Wednesday, January 6, 2010

The Filibuster Argument

The filibuster argument out here in blogland has been a bit more engaged recently, with Ross Douthat and Will Wilkinson taking on the anti-filibuster group, featuring Ezra Klein, Matt Yglesias, Kevin Drum, James Fallows, and others.


As regular readers know, I'm broadly sympathetic to the anti-majoritarian arguments that Douthat and, especially, Wilkinson have been making.  American democracy has never been a simple majoritarian system.  Madison believed, and I think correctly, that majoritarian democracy was an invitation to instability.  For all of Ezra Klein's focus on the filibuster and it's evolution from a rare to a ubiquitous tactic, he's wrong to imply that Congress used to be governed by simple majorities.  In fact, one of the possible reasons for the rise of the filibuster is that many of the older anti-majoritarian practices in Congress, especially in the House, have vanished (can't link to Ezra's post from today right now, because his blog is broken, but I'll correct later).

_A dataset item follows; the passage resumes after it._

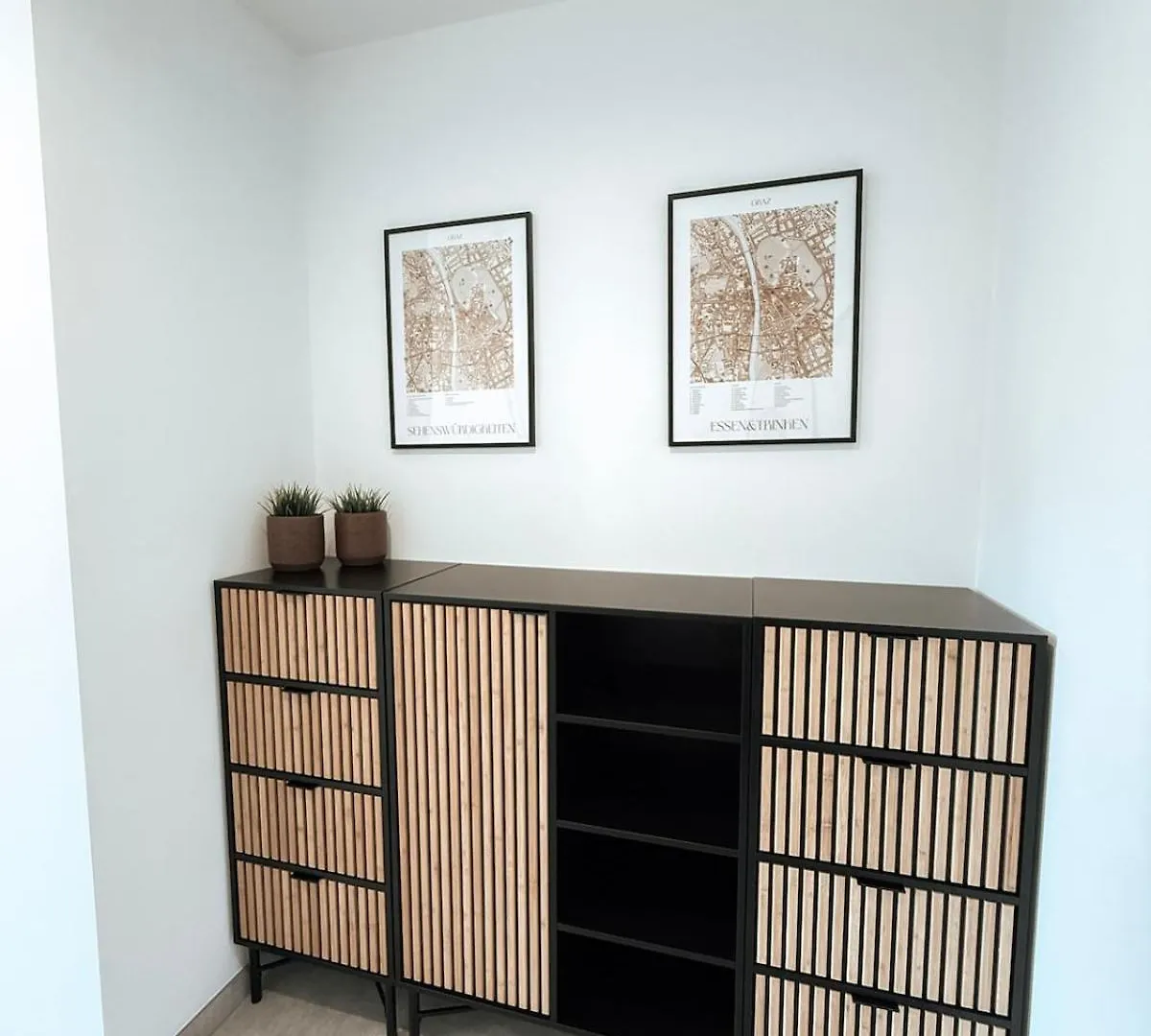 Apartment Sonnenseite Mit Balkon In Graz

However, I think that Douthat and Wilkinson need to answer two questions if they really want to persuade:

1.  Why this specific anti-majoritarian rule?  60 Senators to pass all legislation?  Really?  What's the justification not for anti-majoritarianism in general, but for the 60 vote Senate?  I do think that Matt Yglesias, for one, would prefer to just eliminate the Senate (and have the House choose the president), but that doesn't mean he's necessarily wrong that the filibuster is a bad anti-majoritarian device.

2.  Does democracy work if the out party can, as long as it has 41 Senators, benefit from being the "party of no?"  I think that's the best anti-filibuster argument out there, and Matt Yglesias and Ezra Klein have been making it recently.  I'll develop this one a bit...Wilkinson says:
But the ability of a minority to affect the pace of a session forces the majority to focus on its priorities and keep contentious but not-so-important issues off the floor. This blocks any number number of “particular issues.”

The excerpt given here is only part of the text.